What could she do? Once married, she could hardly pretend, month after month, they’d just been unlucky. And didn’t he say he loved her to bits? So she called him from the phone box on the corner of the Harringtons’ crescent: “I got damaged, Fred. Down there. I won’t have kids.” The shocked pause went on forever.

“But I’d never have asked you to marry me if you’d told me,” he’d said eventually. And she’d realized she’d known that all along.

There. It’s out. Rita stares up at the sky. The moonlight falls on her bare skin like rain.

“Lucky,” he says.

“Lucky?” she repeats, with a hollow laugh. Her heart is one big bruise.

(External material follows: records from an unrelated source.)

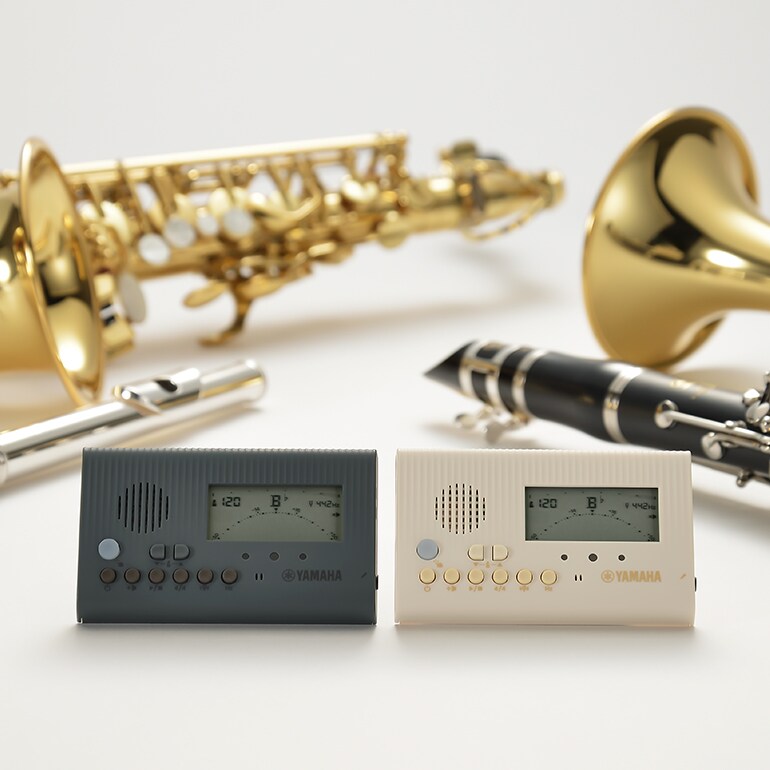 Tuners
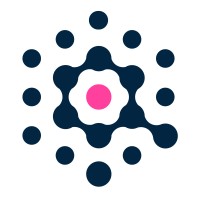 ANA Healthcare logo - Similar company to Daycarewebwatch.Com Inc.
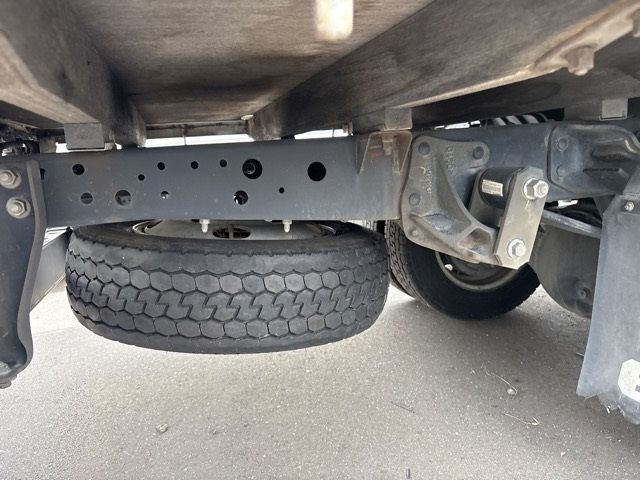 2013 Isuzu Elf Hira auction photo 16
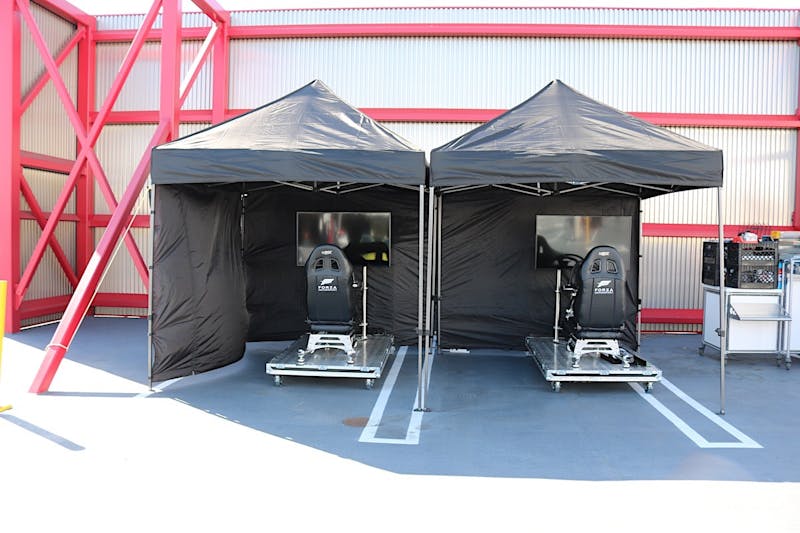 we-attend-ken-blocks-early-premiere-of-climbkhana-pikes-peak-0007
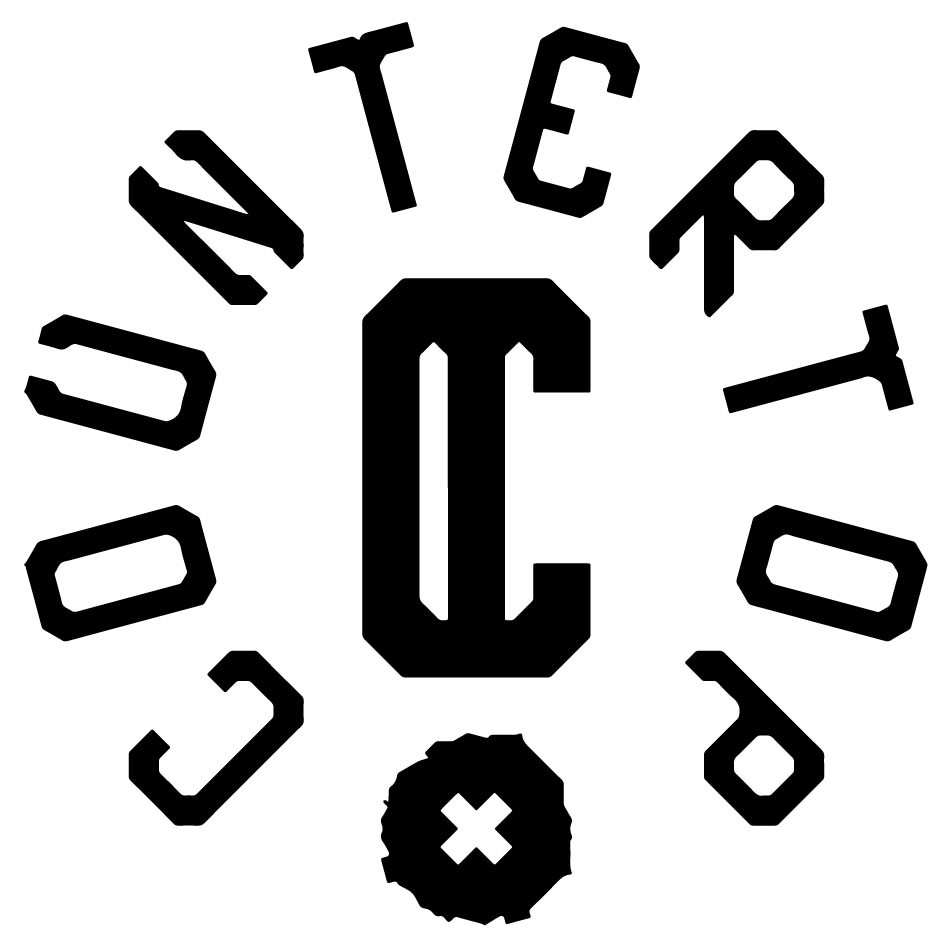 Countertop Device mark 5298205 Trademark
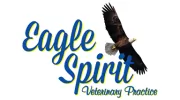 Eagle Spirit Veterinary Practice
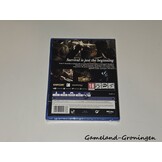 Resident Evil 4 Remake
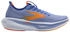 Brooks Hyperion 3 Women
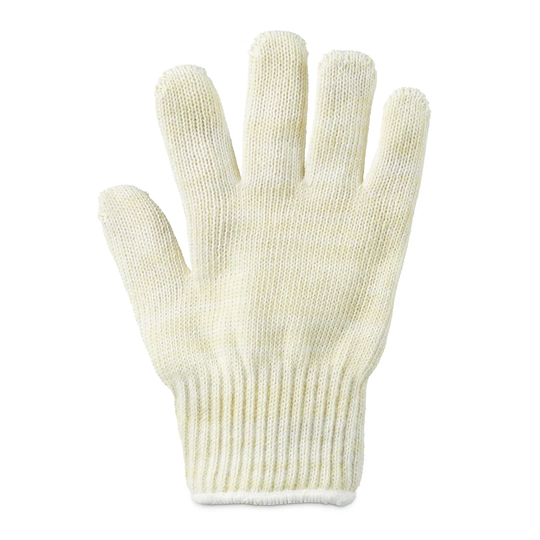 Stockstill Oven Glove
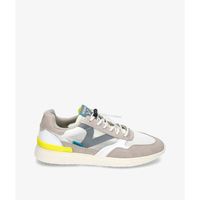 victoria deportivas moda 8805102 para hombre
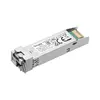 TP-Link ISM321B-20 rūpnieciskais SFP optiskais raiduztvērējs Photo 2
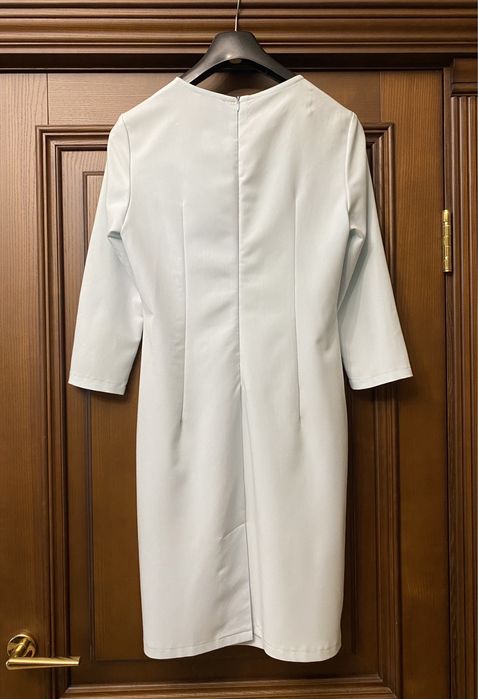 Продам платье Vovk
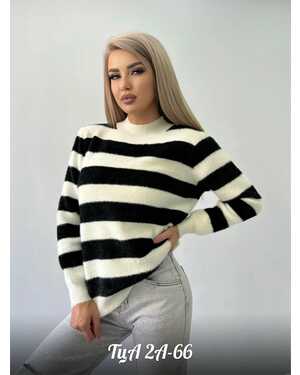 Кофта, альпака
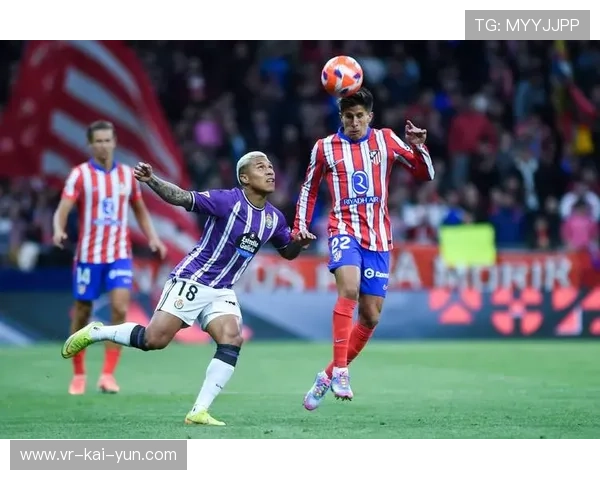 数据解析欧冠进球趋势：定位球比重持续上升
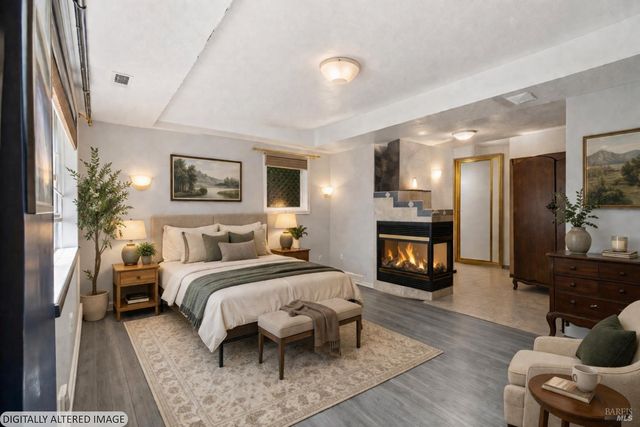 11910 Graton Rd, Sebastopol, CA 95472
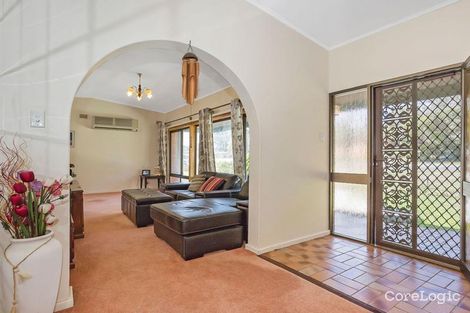 Property photo of 17 Bottrell Avenue Ingle Farm SA 5098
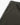 Braune Spiritissimo Gabardine Stretch Hose von Dondup - Trousers DONDUP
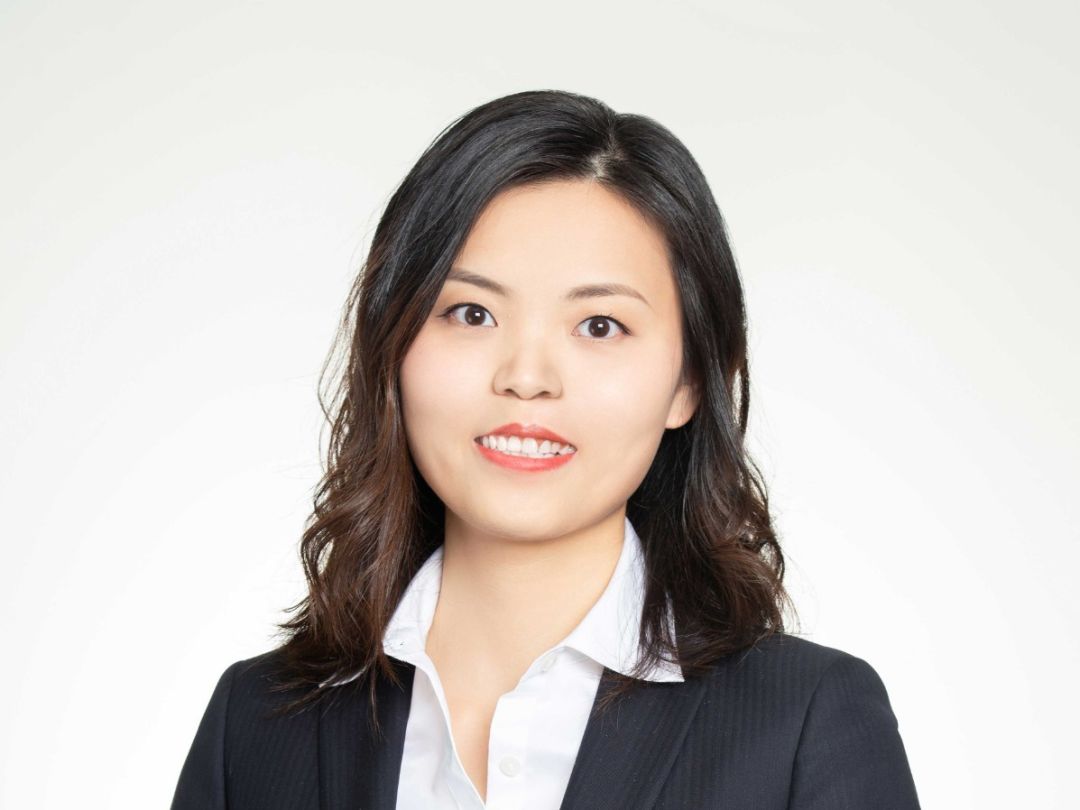 阿里巴巴何以要破旧立新?新帅张勇娓娓道来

“You found out Fred’s true character before you walked down the aisle.” Robbie rolls on top of her, pinning her down, weighting his body’s length against hers. She doesn’t register she’s crying until he wipes her tears away with his thumb. “And I’m a lucky bugger too. Because you’re not married to that idiot and this means I can kiss you from your head to your toes.”

And every crevice besides. God. She had no idea such sensations existed. Lying back on the ground afterward, her body quivering, trying to catch her racing breath, she feels . . . reborn. Robbie reaches for her hand and brings it to his mouth, skimming her knuckles with his lips, and she smiles, so lost in him, the warm summer’s night, she doesn’t hear the distant gunshots, muted by the trees.